Mişaulis ve Kavazoğlu anısına belgesel film yapılıyor... (4)
11 Nisan 1965 tarihinde “Teşkilat” tarafından kurulan bir pusuda öldürülen Kostas Mişaulis ve Derviş Ali Kavazoğlu anısına AKEL Yeniden Yakınlaşma Bürosu’nun hazırlamakta olduğu belgesele, biz de araştırmalarımızda öğrendiklerimizi paylaşarak katkıda bulunduk.
Geçtiğimiz günlerde PEO binasında yapılan belgesel film çekimlerine Demokrasi Şehitlerini Yaşatma Derneği Başkanı Burhan Eraslan ve Kıbrıs Türk Barış Derneği’nden Caner Özdevran ile birlikte katıldık ve AKEL Yeniden Yakınlaşma Bürosu sorumlusu, değerli arkadaşımız Elias Dimitriu’nun ve belgeselin yönetmeni Paskalis Papapetru’nun sorularını yanıtladık.
Kısa belgesel filmin, Mişaulis ve Kavazoğlu anısına, ölüm yıldönümlerinde gösterilmesi bekleniyor... Geçmişle yüzleşmeye dair Kıbrıs’tan bu belgesel film girişimini biz de yürekten kutluyoruz ve devamını diliyoruz... Derviş Ali Kavazoğlu’nun ve Kostas Mişaulis’in arkadaşları ve ailesiyle 2005 yılında “Milliyetçiliğin Öksüz Bıraktıkları” başlığıyla YENİDÜZEN’de yayımlanan yazı dizimiz çerçevesinde çeşitli röportajlar yapmıştık. Bu çerçevede Kavazoğlu’nun kızkardeşleriyle 20 sene önce yaptığımız röportajları önceki gün ve dün yeniden paylaştık.
REZVAN KONTİ’NİN ANLATTIKLARI…
Derviş Ali Kavazoğlu’nun yoldaşlarından biri olan rahmetlik Rezvan Konti’yle yine “Milliyetçiliğin Öksüz Bıraktıkları” yazı dizimiz çerçevesinde 2005’te yaptığımız ve bu sayfalarda yayımladığımız röportajı bir kez daha yayımlamak istiyoruz. Rezvan Konti, sol hareketin önemli neferlerinden biriydi – tıpkı Derviş Ali Kavazoğlu gibi, o da “Teşkilat”ın “vur emri” çıkarmış olduğu şahıslardan biriydi… Onunla röportajımız, o günlerin ortamına ışık tutar nitelikte olduğundan, yeniden yayımlıyoruz… Nur içinde yatsın Rezvan Ustamız, onu saygıyla anıyoruz… Rezvan Konti’yle 2005 yılında yapıp bu sayfalarda yayımladığımız röportajımızın devamı şöyleydi:
Soru: İlk PEO’ya üye olduydun herhalde...

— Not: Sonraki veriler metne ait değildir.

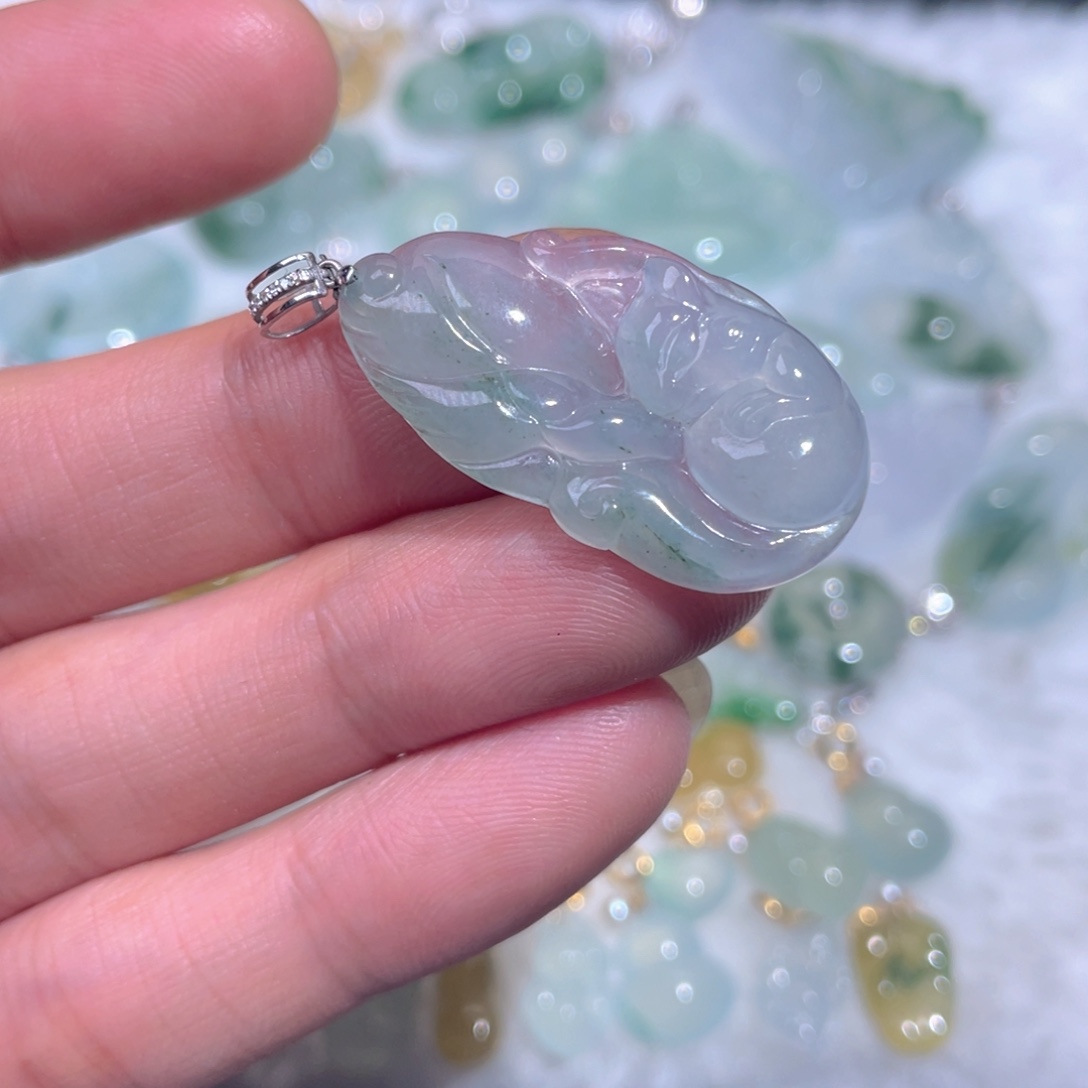 翡翠18K金镶嵌颈饰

Rezvan Konti: Evet, sendika olarak oradan başlar zaten... AKEL’in içinde çok uğraştık... Köy içinde aydınlatmalarımız çoktu... AKEL’de 1951’den 60-65’e kadar, gezmediğimiz köy yok... Bir defasında Topçuköy’den İpsillat’a kadar koşturttular bizi! 58’den önceydi...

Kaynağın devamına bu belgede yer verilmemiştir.